The problem:
Below are records. Copy every line with "roof" in it.

---------- Extracted material ----------

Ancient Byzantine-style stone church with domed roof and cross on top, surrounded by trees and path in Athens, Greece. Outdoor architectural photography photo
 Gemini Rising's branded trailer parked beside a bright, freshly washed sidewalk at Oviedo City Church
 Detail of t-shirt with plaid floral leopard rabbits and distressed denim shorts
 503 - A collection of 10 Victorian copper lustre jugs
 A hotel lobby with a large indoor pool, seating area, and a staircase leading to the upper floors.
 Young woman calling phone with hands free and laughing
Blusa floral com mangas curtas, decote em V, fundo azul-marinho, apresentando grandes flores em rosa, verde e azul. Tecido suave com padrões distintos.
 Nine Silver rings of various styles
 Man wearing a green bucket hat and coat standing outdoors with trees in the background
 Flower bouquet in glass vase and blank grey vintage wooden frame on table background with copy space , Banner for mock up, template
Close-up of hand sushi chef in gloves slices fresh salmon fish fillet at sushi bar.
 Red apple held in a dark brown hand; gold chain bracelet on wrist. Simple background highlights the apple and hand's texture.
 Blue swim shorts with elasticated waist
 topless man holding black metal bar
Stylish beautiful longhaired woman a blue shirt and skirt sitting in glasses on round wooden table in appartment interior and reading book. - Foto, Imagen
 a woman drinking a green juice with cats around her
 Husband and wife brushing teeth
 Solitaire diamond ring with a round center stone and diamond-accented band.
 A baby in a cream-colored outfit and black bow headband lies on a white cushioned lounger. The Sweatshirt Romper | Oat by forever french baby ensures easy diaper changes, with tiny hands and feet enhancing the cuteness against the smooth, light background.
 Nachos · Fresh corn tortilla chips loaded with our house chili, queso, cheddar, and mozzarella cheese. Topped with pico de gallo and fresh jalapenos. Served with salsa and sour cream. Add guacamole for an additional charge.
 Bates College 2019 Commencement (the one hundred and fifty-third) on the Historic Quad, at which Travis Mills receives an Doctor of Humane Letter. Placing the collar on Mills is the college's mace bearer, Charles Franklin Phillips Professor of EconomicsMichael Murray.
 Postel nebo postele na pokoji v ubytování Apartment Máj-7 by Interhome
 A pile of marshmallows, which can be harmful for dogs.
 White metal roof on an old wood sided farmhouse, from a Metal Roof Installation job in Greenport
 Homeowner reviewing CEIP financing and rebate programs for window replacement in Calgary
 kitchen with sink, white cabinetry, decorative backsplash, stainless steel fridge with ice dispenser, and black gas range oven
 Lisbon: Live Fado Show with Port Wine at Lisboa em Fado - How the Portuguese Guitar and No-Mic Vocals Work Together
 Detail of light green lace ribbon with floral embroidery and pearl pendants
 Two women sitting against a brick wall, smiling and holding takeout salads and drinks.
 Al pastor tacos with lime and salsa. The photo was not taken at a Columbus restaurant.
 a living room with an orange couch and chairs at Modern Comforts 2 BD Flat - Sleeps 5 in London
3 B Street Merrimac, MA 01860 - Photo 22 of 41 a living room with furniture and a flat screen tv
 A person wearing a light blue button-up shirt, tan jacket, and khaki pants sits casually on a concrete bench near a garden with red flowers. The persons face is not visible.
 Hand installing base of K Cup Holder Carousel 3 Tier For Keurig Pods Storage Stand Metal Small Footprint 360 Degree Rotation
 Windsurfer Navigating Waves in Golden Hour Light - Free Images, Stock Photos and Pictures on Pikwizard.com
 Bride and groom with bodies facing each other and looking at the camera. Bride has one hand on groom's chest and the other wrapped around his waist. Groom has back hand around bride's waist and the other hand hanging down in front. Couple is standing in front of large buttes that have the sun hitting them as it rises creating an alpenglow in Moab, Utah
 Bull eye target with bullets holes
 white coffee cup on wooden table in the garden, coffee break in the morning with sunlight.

----------

Exercise answer:
Ancient Byzantine-style stone church with domed roof and cross on top, surrounded by trees and path in Athens, Greece. Outdoor architectural photography photo
 White metal roof on an old wood sided farmhouse, from a Metal Roof Installation job in Greenport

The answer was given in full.